I found this article in PainMedicineNews. It sets out a finessing of the surgical response to chronic – and it must be chronic to be this bad, Posterior Facet Syndrome (PFS). Now, I’ve blogged about PFS before and so you’ll all know how important it is and if you are unsure have a look at what Dr Bennett has to say about PFS in this article.
Have a read and then see why we tell people to get some early care and so avoid this stuff as it just can’t be good for you!
“For Facet Joint Pain, Minimally Invasive Surgery A Good Fit
In pilot study, 30-minute surgery reduces pain, opioid use; multicenter trial to followGabriel Miller
A minimally invasive approach for facet arthrodesis (artificial induction of joint ossification between two bones via surgery – my note) reduces pain as well as chronic opioid use in back pain patients, according to a new study. The procedure — originally developed and used by orthopaedic surgeons and neurosurgeons — also may be performed safely by interventional pain physicians, the study demonstrated.
Although arthrodesis of the facet joints is not a new procedure, experts say a minimally invasive approach — which can be performed by a number of specialties — is novel.…Like an open surgical approach, the concept behind the minimally invasive arthrodesis is to fuse the facet joint by drilling a hole between the joint walls and tamping an allograft bone dowel into the joint, separating the joint surfaces, locking the facet joint into place and providing a minimal amount of stability. Facet joint disease most often results from degeneration of the cartilage within the facet joint; the joint then becomes unstable and shifts around loosely, causing painful bone-to-bone contact.“ The premise is if you can eliminate the motion that you have between these facet joints, then you can take away the pain,” said Dr. Guiot.
Daniel Bennett, MD, medical director of Integrative Treatment Centers in Denver, and the lead investigator of the pilot study presented at the AAPM meeting [said]: “Because the No. 1 cause of sustained low back pain is joint-related, this procedure is a new tool in the interventional pain specialists’ tool belt.”

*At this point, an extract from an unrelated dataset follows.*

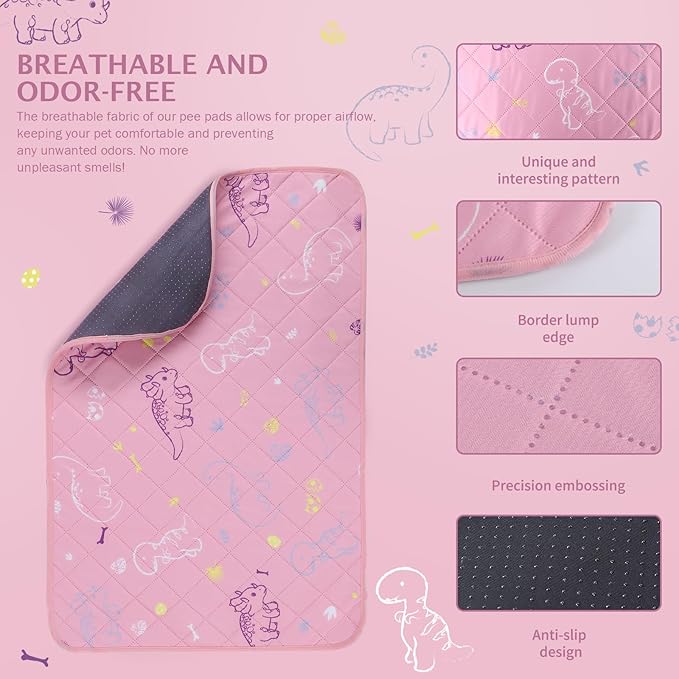 IEUUMLER Washable Pee Pads for Dogs, 2 Pack Non-Slip & Waterproof Whelping Pad, Reusable Puppy Potty Training With Fast Absorbent for Playpen EU007 (Pink Dinosaur, 34"X36"-2pcs)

The study included 28 prospectively enrolled patients with facet-mediated low back pain, (so, PFS in other words) that was confirmed by intraarticular facet injection. Patients also were required to have previous radiofrequency ablation (RFA) with a return of pain. “We wanted to start with a population that had experienced the current gold standard of care and [had] at least gone through all of the invasive treatments short of surgery,” Dr. Bennett said.During the procedure, a minimally invasive (!), stab-wound incision is made and Steinman pins are placed between the facet walls. A drill guide is inserted using a spatula and the pins are removed; using the guide, a cortical reamer then bores a Morse taper-shaped canal of bleeding bone, into which the bone allograft is placed. (Minimally invasive, mind!)
The primary end points in the study were pain measured on a 100-point visual analog scale and function measured with the Oswestry Disability Index (ODI), each of which was measured at four, 12 and 52 weeks postoperatively. After complete follow-up, average pain scores decreased from 79 to 23 and functional disability, as measured by the ODI, improved from 33.46 to 8.32 (SD, 5.17).
Narcotic use also was measured before and after surgery, with morphine equivalents as high as 510 mg per day among patients. However, after 12 months, only four patients remained on opioids,
Dr. Bennett said:
“There was a big difference [in opioid use] and at the end of the day, when you look at that with the ODI data, there is a significant improvement in function,” he said.“Pain management specialists inject facet joints all day long, so they are extremely accustomed to getting into that joint—in fact, much more accustomed than any surgeon would be,” said Dr. Guiot. “Once you are in the joint and you can access that space, that’s the toughest part of the procedure [and] the remaining portion is actually very simple.”
An additional key benefit, Dr. Guiot said, is that a minimally invasive (!) approach, which doesn’t damage or significantly alter surrounding tissue, doesn’t preclude any larger reconstruction procedures at a later date. “The most beneficial aspect is that this really doesn’t burn any bridges,” he said.
Dr. Bennett believes that the diagnostic approach used prior to minimally invasive (!) arthrodesis represents a shift toward treating pain at the source, rather than blunting nerves through ablation or opioids.
“One important thing to point out: This technique only treats the joint,” Dr. Bennett said. Arthodesis may prove more durable than RFA, but in order for it to work effectively physicians have to know precisely where the pain is originating.
“What I’m advocating based on the data is intraarticular facet injections that confirm the pain generator as the joints, not ligament or muscular structures,” he said. “Then you know what you should expect as an outcome when you fuse those painful joints.”
So stapling the joints together reduces the pain. Now this is laudable but no one should get to the point that they need their joints, which are designed to move, to be clamped together. Please get some care into those joints before you need ablating (!), opiods which I’m sure my mother warned me about or a minimally invasive (!) arthrodesis.